ROME - Pope Francis made one of his most emotional anti-war addresses on Thursday, saying during a visit to a US military cemetery that the world seemed to be headed into war perhaps bigger than any before.
Francis said a Mass for several thousand people at the Sicily-Rome American Cemetery in the town of Nettuno, south of the Italian capital, on the day Roman Catholics commemorate their dead.
The burial ground is the final resting place for 7,860 American soldiers who died in the liberation of southern Italy and Rome in 1943 and 1944.
He walked slowly and alone amid the rows of low white headstones in the shape of crosses and Stars of David, gently resting a white rose on about a dozen and stopping to pray silently before saying the Mass.
"Please Lord, stop. No more wars. No more of these useless massacres," he said, speaking in hushed tones in an improvised homily.

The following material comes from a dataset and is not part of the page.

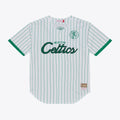 Boston Celtics Mitchell & Ness White Head Coach Pinstripe Mesh Full-Button Baseball Jersey for Men product image 1, provided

Francis said that remembering the many young people who died in World War Two was even more important "today that the world once more is at war and is preparing to go even more forcefully into war."
He did not elaborate but appeared to be referring to the possibility of nuclear war.
As tensions between the United States and North Korea have increased in recent months, Francis has warned that a nuclear conflict would destroy a good part of humanity.
Last April, he said a third country should try to mediate the dispute between Pyongyang and Washington to cool a situation that had become "too hot".
US President Donald Trump, who has said North Korea "will be met with fire and fury like the world has never seen" if it threatened the United States, will visit South Korea as part of a trip to Asia that starts on Friday.
While Trump is in Asia, the pope will be hosting an international seminar at the Vatican that will urge the banning of nuclear weapons.
The cemetery Mass was attended by US Ambassador to Italy Lewis Eisenberg and the acting US ambassador to the Vatican, Louis Bono.
"If today is a day of hope, it is also a day of tears," the pope said. "Humanity must not forget" the tears of mothers and wives who lost husbands and sons in past wars.
"Humanity has not learned the lesson and seems that it does not want to learn it," he said, asking for prayers for the victims of today's conflicts, especially children.
On his way back to the Vatican, Francis stopped to pray at the Ardeatine Caves, where in March, 1944 occupying Nazis killed 335 Italian men and boys as a reprisal for the killing of 33 German policemen by partisans.
They were all shot in the back of the neck. The Germans blew up the caves in a vain attempt to try to hide the massacre. Seventy-five of the victims were Jews.
He and Rome's chief rabbi, Riccardo Di Segni, each read a prayer. After walking past the tombs in the still dark caves, the pope wrote in the visitors' book: "This is the fruit of war: hate, death, vendetta. Forgive us Lord."